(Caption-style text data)
____

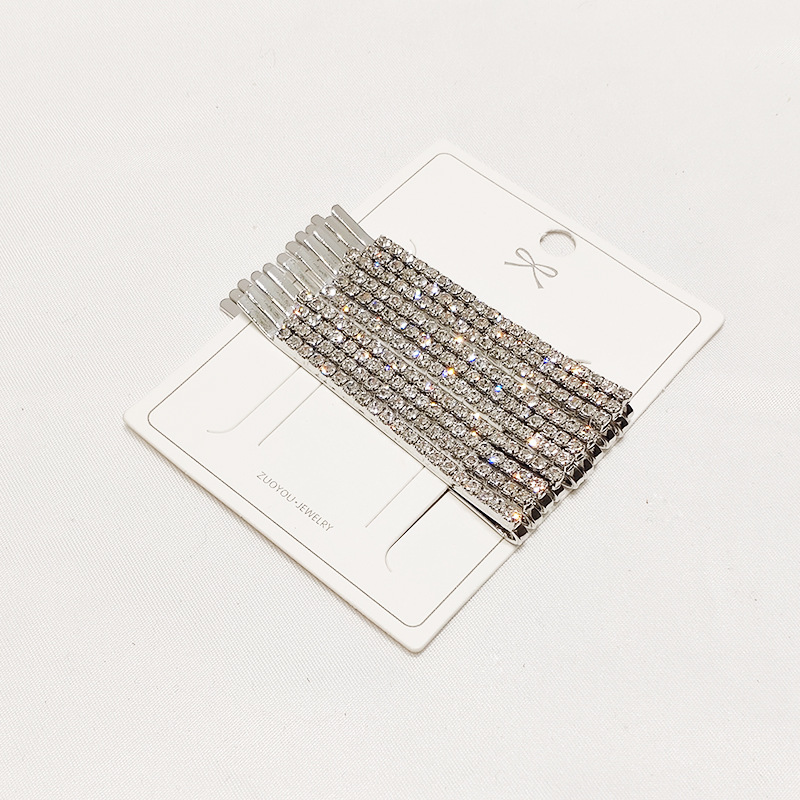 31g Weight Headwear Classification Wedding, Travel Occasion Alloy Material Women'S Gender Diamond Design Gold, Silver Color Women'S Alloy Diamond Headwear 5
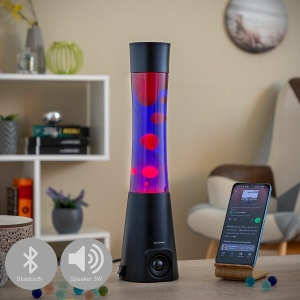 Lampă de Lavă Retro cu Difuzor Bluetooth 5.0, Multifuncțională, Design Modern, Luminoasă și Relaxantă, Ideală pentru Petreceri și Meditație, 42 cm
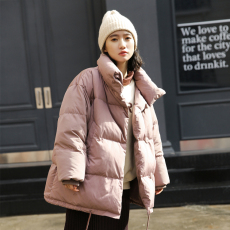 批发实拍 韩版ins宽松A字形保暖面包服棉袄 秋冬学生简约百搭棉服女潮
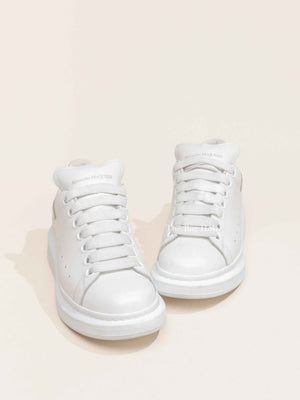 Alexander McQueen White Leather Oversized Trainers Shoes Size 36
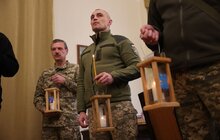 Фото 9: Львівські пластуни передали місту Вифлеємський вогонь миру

____

● Exercise prompt: Your copy should match the records above word for word, but without images.

● Task solution:
 31g Weight Headwear Classification Wedding, Travel Occasion Alloy Material Women'S Gender Diamond Design Gold, Silver Color Women'S Alloy Diamond Headwear 5
 Lampă de Lavă Retro cu Difuzor Bluetooth 5.0, Multifuncțională, Design Modern, Luminoasă și Relaxantă, Ideală pentru Petreceri și Meditație, 42 cm
 批发实拍 韩版ins宽松A字形保暖面包服棉袄 秋冬学生简约百搭棉服女潮
 Alexander McQueen White Leather Oversized Trainers Shoes Size 36
 Фото 9: Львівські пластуни передали місту Вифлеємський вогонь миру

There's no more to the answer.